[Date Prev][Date Next][Thread Prev][Thread Next][Date Index][Thread Index]

Announcement & Proposal: HDFS tests on large cluster.

Hi all,

I'd like to announce that thanks to Kamil Szewczyk, since this PR we have 4 file-based HDFS tests run on a "Large HDFS Cluster"! More specifically I mean:

- beam_PerformanceTests_Compressed_TextIOIT_HDFS
- beam_PerformanceTests_Compressed_TextIOIT_HDFS
- beam_PerformanceTests_AvroIOIT_HDFS
- beam_PerformanceTests_XmlIOIT_HDFS

The "Large HDFS Cluster" (in contrast to the small one, that is also available) consists of a master node and three data nodes all in separate pods. Thanks to that we can mimic more real-life scenarios on HDFS (3 distributed nodes) and possibly run bigger tests so there's progress! :)
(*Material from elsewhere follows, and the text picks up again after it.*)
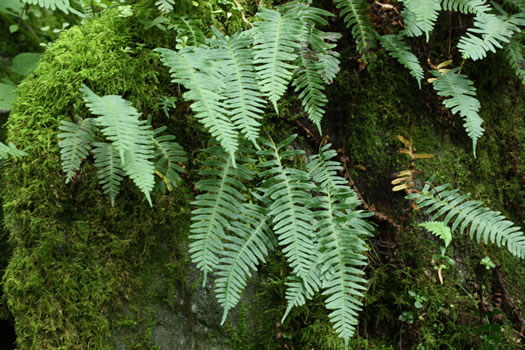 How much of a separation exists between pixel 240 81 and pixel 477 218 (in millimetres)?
1378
I'm currently working on proper documentation for this so that everyone can use it in IOITs (stay tuned).

Regarding the above, I'd like to propose scaling up the Kubernetes cluster. AFAIK, currently, it consists of 1 node. If we scale it up to eg. 3 nodes, the HDFS' kubernetes pods will distribute themselves on different machines rather than one, making it an even more "real-life" scenario (possibly more efficient?). Moreover, other Performance Tests (such as JDBC or mongo) could use more space for their infrastructure as well. Scaling up the cluster could also turn out useful for some future efforts, like BEAM-4508[1] (adapting and running some old IOITs on Jenkins). 

WDYT? Are there any objections?

[1] https://issues.apache.org/jira/browse/BEAM-4508